Carlisle, a city of around 100,000 in Cumbria just south of the Scottish border was the National Conversation’s 37th destination. Cumbria has seen a steady increase in its immigrant population since the millennium, but is still thought to be among the least diverse areas of the UK, with a migrant population less than half of the UK average.

In Carlisle, we held a conversation on immigration with people aged 25 and under – a group whose views tend to be underrepresented in national surveys. The panel reflected on the lack of diversity in their local area, and many of them felt that immigration was not an issue that they talked about or considered very often:

“I don’t really know, I’m from up here, you don’t really see it like. You only really get Turkish barbers and that. I guess there’s some Polish people, but I don’t really know anything about it”  – Citizens’ panel participant

Most had little contact with migrants and the group had a limited understanding of immigration policy. Over half of the group were unsure of what Brexit is, or what it might mean.

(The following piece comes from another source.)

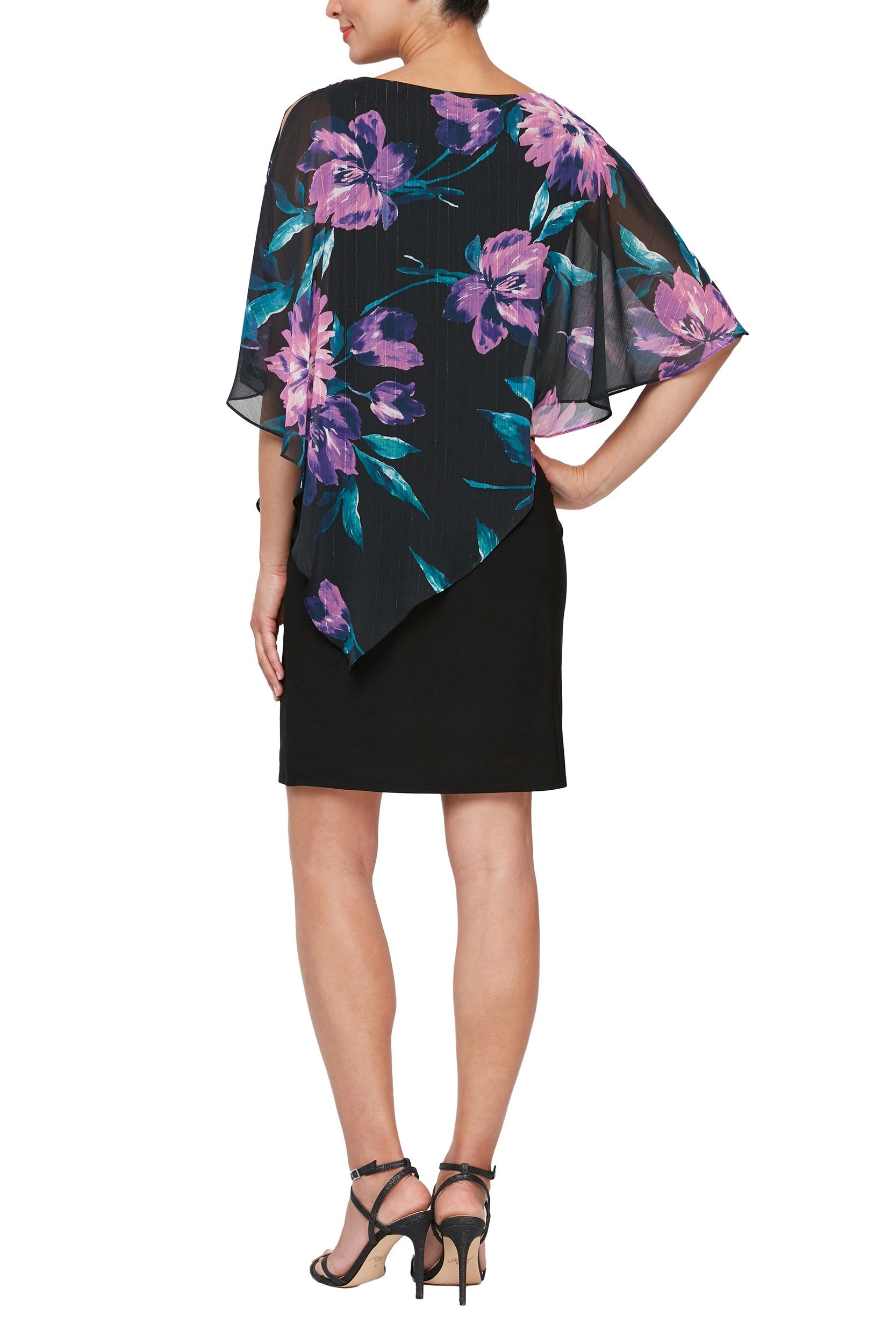 SL Fashion boat neck embellished shoulder asymmetrical multi print chiffon overlay jersey dress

The panel were, like many other young people we’ve spoken with, positive about the cultural impacts of immigration on the UK, and felt that cultural diversity made their lives more interesting . Most felt that they held different opinions on migration to their parents and grandparents as even though Cumbria is less diverse than rest of the UK, most had grown up celebrating different cultures and many knew people with different ethnic backgrounds to their own.

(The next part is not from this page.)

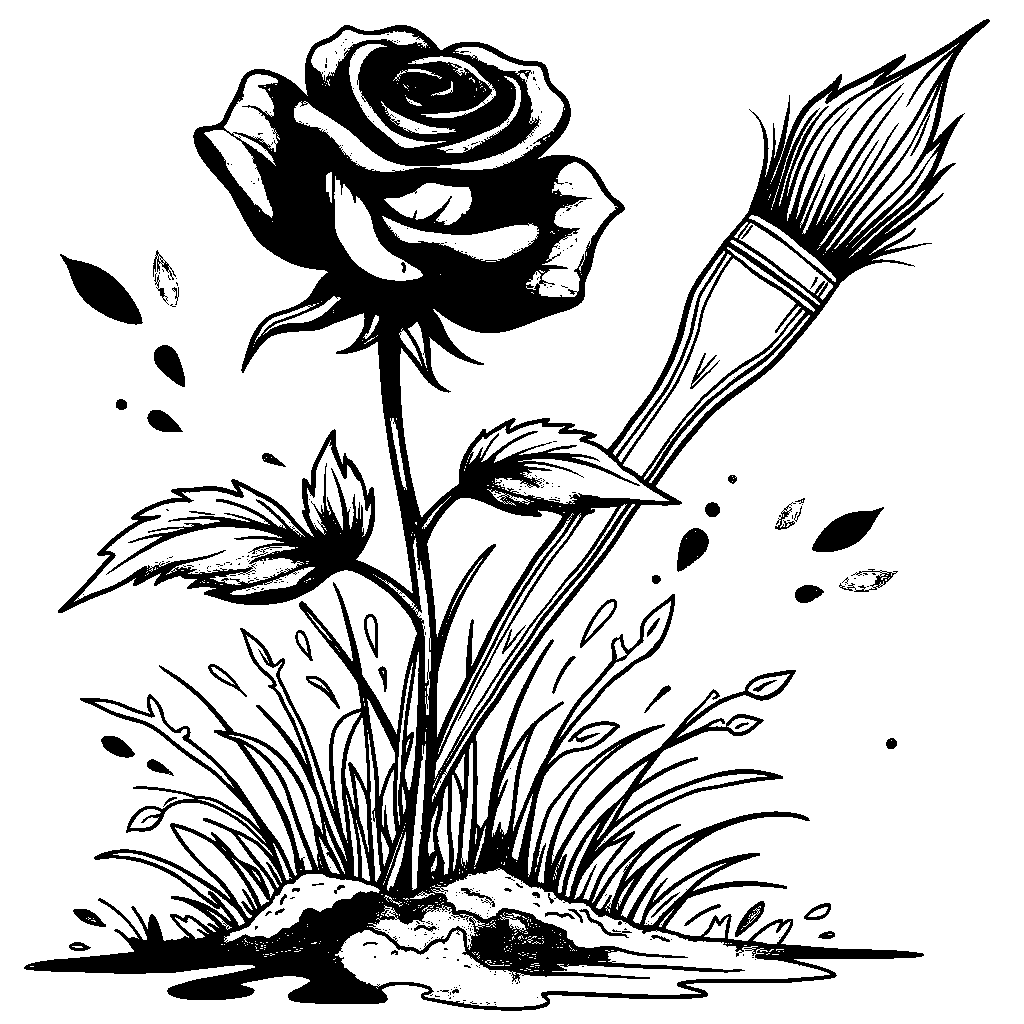 A rose growing out of a paintbrush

While participants saw economic benefits, such as migrants doing jobs that British people might not want to do, there were broader concerns about work, skills and education. Literacy levels in Carlisle are below the national average, six wards in urban Carlisle are among the most deprived 20% in England and poverty affects many. We were told of high rates of reliance on food banks. Youth unemployment was an issue for many on the citizens’ panel, who felt that even if there was work available, it was often not worthwhile due to irregular hours or the high cost of childcare. Some felt that migrants taking low skilled work could further limit opportunities for those who don’t do so well at school:

“If there are people who’ve migrated doing low skilled jobs in Cumbria, which to be honest I haven’t noticed, it would help the situation on the amount of people who are unemployed, [if numbers of EU migrants were to fall dramatically] – it would help people who are living around here” – Citizens’ panel participant

This view of economic migrants in manual jobs contrasted with that of stakeholders who felt that certain industries such as construction or the care sector were heavily reliant on migrant labour, as they could not source adequate numbers of staff locally. We were told of one employer offering transport for staff from 50 miles away, who still met shortages.

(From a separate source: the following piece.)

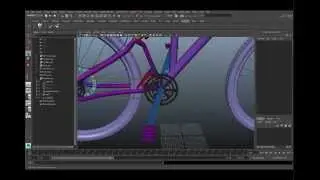 Maya 3d bike and motorcycle dynamic chain rig and animation part 3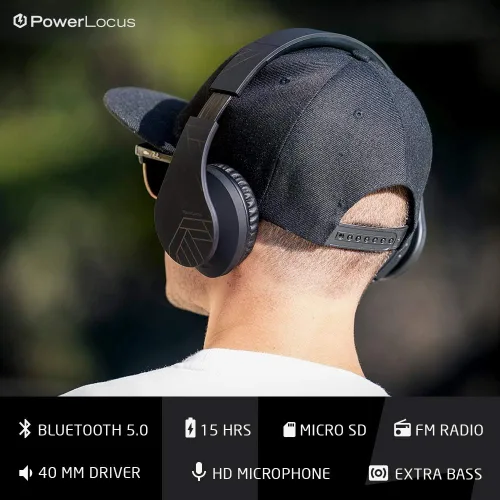 Miniatura 2 de PowerLocus - Audífonos Bluetooth sobre las orejas, auriculares inalámbricos plegables estéreo con cable y sin cable con micrófono incorporado, Micro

Throughout the citizens’ panel discussion, security emerged as the greatest concern, and it was clear that the recent terror attacks in the UK had a profound impact on how the panel saw migrants. At points in the conversation prejudice emerged, mostly aimed towards Islam and Muslims. Many participants were confused about ‘immigration’, which some thought referred only to Muslims, whom they associated directly with extremism.

Similar to other places with low rates of migration, such as Trowbridge, Durham, or Gloucester, limited contact with migrants resulted in limited awareness of immigration and the creation of ‘local narratives’ which sometimes manifest through prejudice. People’s own experience with deprivation, unemployment and local decline can be blamed on migrants when they are considered an invisible mass. National narratives, such as those on security, clearly have an impact on those who have little contact with minorities themselves.  Contact has long been thought to improve understandings of migration. In areas such as Carlisle, where rates of migration are so low, more needs to be done to rebuild public trust in immigration.